Yes, that’s right. With all the emphasis on swifter communication, better communication, error-free communication, and the rest of it, Barley spoke about how good communication can mess up a perfectly good situation.

For example, the British East India Company embodied the British Empire for centuries. According to Barley, the home office finally collected and tabulated the accounts from all of its far-flung field operations (sound familiar?) in the mid-1800s. Like Wiley Coyote running off a cliff but not falling until he looks down, the directors discovered their company had been bankrupt for more than 200 years.

My own recent communications with InfoWorld’s readers — four columns on how to motivate employees — led some correspondents to conclude that I’m morally bankrupt.

Readers expressed concern in three areas: 1) using fear, greed, and other “negative” emotions is unethical — managers should appeal to employees’ better natures; 2) when managers analytically decide how to motivate employees they’re being manipulative, which is also unethical; and 3) I’m endorsing situational ethics, and that encourages unethical behavior, too.

A profound discovery of modern management theory is that managerial ethics matter to employees, and they matter a lot. This has been a major revelation to a generation of business leaders who previously figured morality belonged in the home and that including ethics in business decisions was somehow immature and idealistic. (Yes, I know there’s a difference between ethics and morals; it’s subtle enough to ignore in this discussion.)

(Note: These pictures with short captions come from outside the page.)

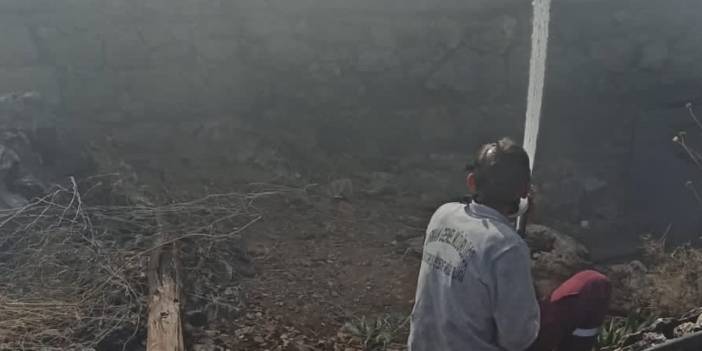 Evdeki yangında 3 yaşındaki çocuk öldü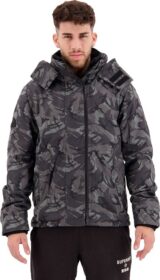 Superdry Ottoman Arctic All Over Print Takki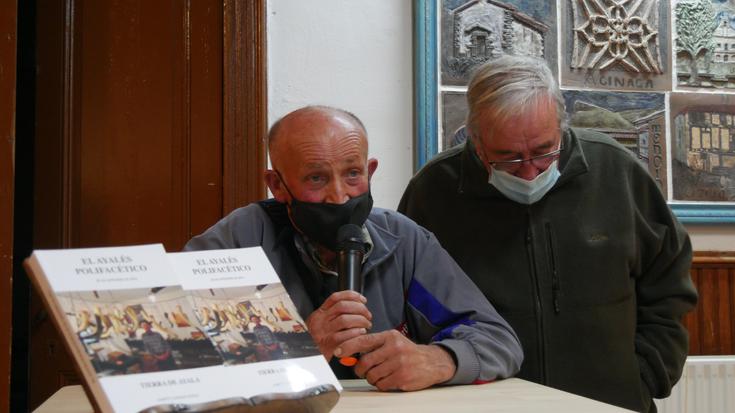 Juan Antonio Alañari buruzko liburua aurkeztu zuten atzo Lantenoko eskolan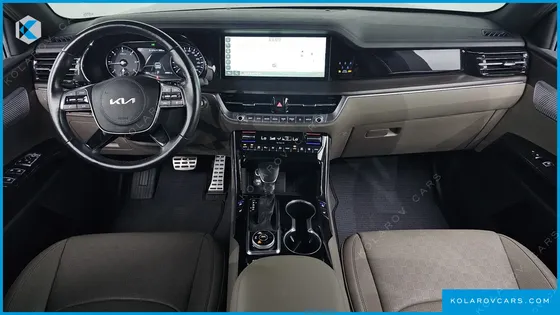 KIA MOHAVE DIESEL 3.0 4WD 7-SEATER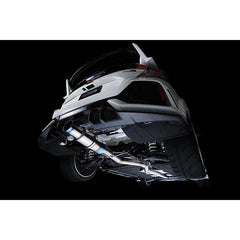 Tomei Expreme Ti Full Titanium Exhaust ”Type-S” | 2017-2021 Honda Civic Type-R (TB6090-HN06B).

Ethics matter. They matter from the perspective of self-respect, they matter from the perspective of employees trusting you enough to follow your lead, and they matter from the perspective of business success, because in today’s competitive labor market success depends on the talent you can attract and retain. The best talent will abandon you without regret if you reveal yourself to be an immoral weasel.

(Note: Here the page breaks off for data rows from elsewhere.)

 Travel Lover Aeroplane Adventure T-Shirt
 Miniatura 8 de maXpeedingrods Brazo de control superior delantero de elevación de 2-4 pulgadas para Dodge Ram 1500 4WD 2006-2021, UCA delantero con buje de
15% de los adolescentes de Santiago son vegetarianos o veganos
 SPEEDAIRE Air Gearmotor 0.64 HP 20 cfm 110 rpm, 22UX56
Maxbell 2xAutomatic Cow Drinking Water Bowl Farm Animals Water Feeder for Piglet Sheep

Ethics isn’t, however, reducible to a simple formula. If it were, philosophers would have long ago tired of the subject. It is, instead, both complex and highly personal. So here’s my personal perspective on the issues you’ve raised.

Last point first: I do believe ethics are situational. So does our legal system, which, for example, accepts self-defense as justification for killing someone. Opinion: How you motivate an employee (instilling fear of unemployment) has less impact on the ethics of an action than does your intent (wanting to save his job).

Issue No. 2: Manipulation? My own opinion is that honesty and intent differentiate motivating employees from manipulating them.

Look at it this way: You’re responsible for successfully achieving the mission of your organization. You can’t succeed in this with unmotivated employees. As a manager, you have an impact on employee motivation. You have to decide whether you’re going to do it consciously, through analysis and planning, or whether you’re going to rely on your instincts being good enough to do the job.

Issue #1: Appealing to negative emotions … what’s a negative emotion? Fear? Anger? Both are important to your survival.

Instilling fear is, in my mind, completely ethical if the employee legitimately has something to be afraid of, such as becoming unemployed due to poor performance. Failing to instill fear when there’s something to be afraid of — failing to create a gut-level understanding of the consequences — is as unethical from where I sit as letting a drunk friend drive.

Bullying employees — an act of self-indulgence, not motivation — is entirely different, and always a bad idea.

Humans aren’t Vulcans. Emotions drive human behavior. That’s reality. When managers and executives make decisions based on wishful thinking instead of reality, they make the right choices by accident when they make them at all.